Durante a entrevista, o ministro da Cultura revelou também novos detalhes sobre o reforço de 1,5 milhões de euros anunciado por António Costa a 20 de março, ao qual se veio depois somar mais meio milhão da DGArtes, aumentando para 72,5 milhões de euros o valor previsto para o quadriénio de 2018 a 2021, como lembra o Diário de Notícias. Desse montante, 45% (900 mil euros) será atribuído ao teatro e 23%à música e cruzamentos disciplinares, segundo revelou Castro Mendes. A menor fatia do bolo, 9%, será destinada às artes visuais. O ministro da Cultura admitiu, contudo, que o Governo, o Ministério e a Secretaria de Estado estão “abertos a repensar” o atual modelo de financiamento.

Numa mensagem dirigida à cidade do Porto, Castro Mendes disse que não existe nada de “mais importante” do que a “regionalização” e que a cidade do norte do país “é muito importante”. O Porto foi uma das localidades mais afetadas pelos resultados provisórios da DGArtes, com as companhias Seiva Trupe, Pé de Vento, o Teatro Experimental do Porto, o Festival Internacional de Marionetas e o Festival Internacional de Teatro de Expressão Ibérica a ficaram de fora do plano de financiamento. A situação levou a que Rui Moreira marcasse uma reunião para esta terça-feira com os agentes culturais da cidade que, segundo o autarca, foram “amplamente” prejudicados.

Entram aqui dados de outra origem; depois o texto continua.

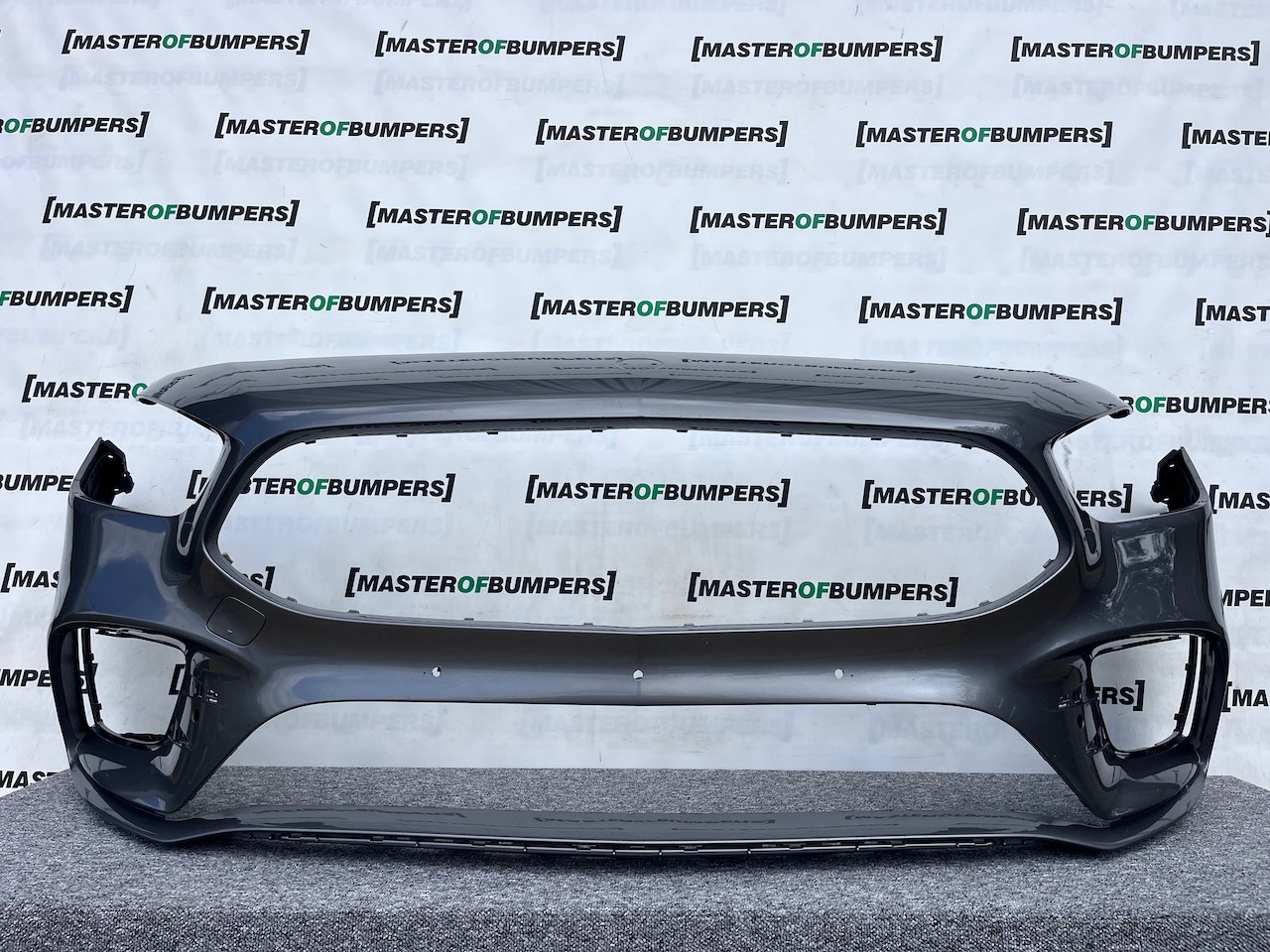 Mercedes B Class Amg Line A247 Mpv Mk2 2019-2025 Fron Bumper 6pdc Genuine [e248]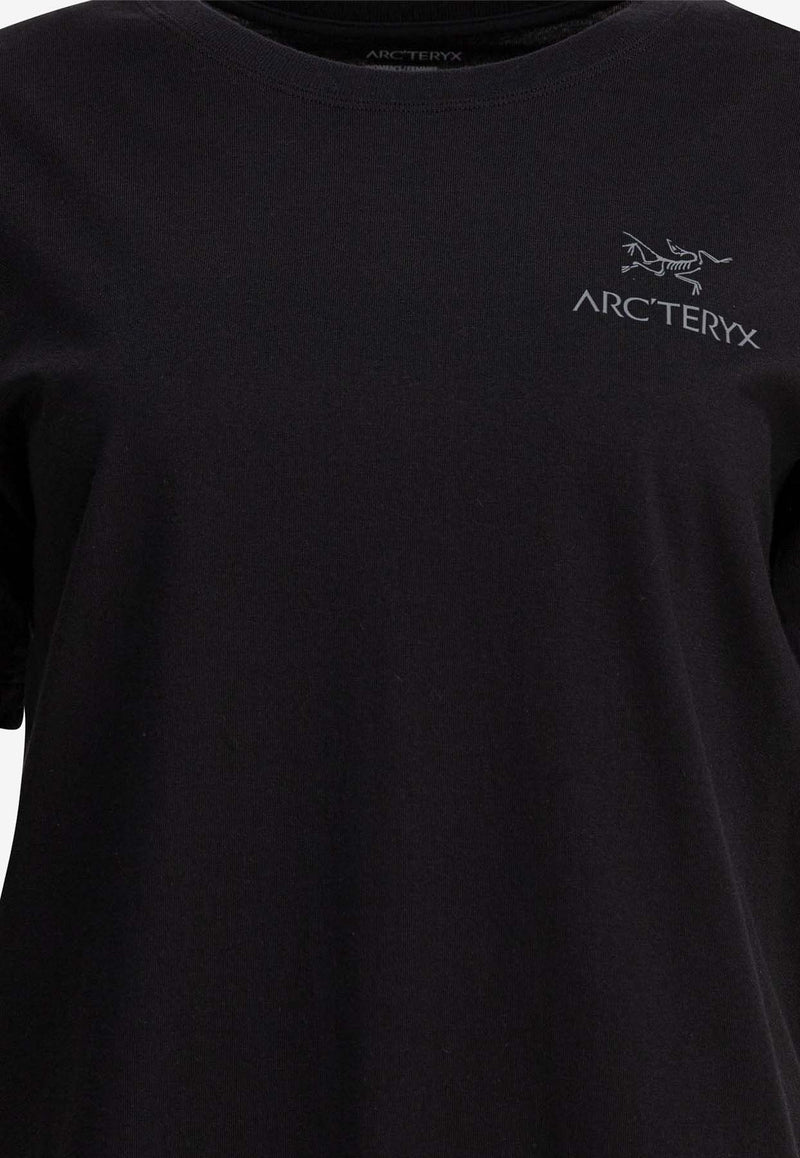Arc'teryx Kragg Logo T-shirt Black X000009502KRAGG SLCTNBLACK_cc541144-c284-489f-8ecc-89bd82499101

Os resultados provisórios da DGArtes têm sido alvo de forte contestação por parte dos agentes culturais, sobretudo daqueles que estão ligados ao teatro e à dança, as áreas mais afetadas. No teatro, das 89 estruturas que se apresentaram a concurso, apenas 50 receberam o apoio do Estado, ficando excluídas, por exemplo, todas as companhias de teatro de Coimbra e Évora, o Teatro das Beiras, da Covilhã, e ainda o Teatro Experimental de Cascais (TEC), dirigido por Carlos Avilez. Em declarações à Agência Lusa, Avilez classificou os resultados da DGArtes como “uma falta de respeito”, explicando que é “impensável” que a companhia não possa vir a ser subsidiada. “Então vamos ter uma sala nova e acabam connosco?”, questionou, sublinhando que o TEC “não é um museu”.

Entretanto, foi já anunciada uma nova manifestação para o final da tarde desta sexta-feira. Convocada pelo CENA-STE — Sindicato dos Trabalhadores de Espectáculos, do Audiovisual e dos Músicos, a Rede — Associação de Estruturas para a Dança Contemporânea, a Plateia — Profissionais de Artes Cénicas e os promotores do Manifesto em Defesa da Cultura, esta irá decorrer em simultâneo nas cidades de Lisboa, Porto, Coimbra, Beja e Funchal. De acordo com a TSF, o Ministério da Cultura irá emitir esta terça-feira um comunicado a esclarecer como é que serão distribuídos os 2 milhões de euros este ano.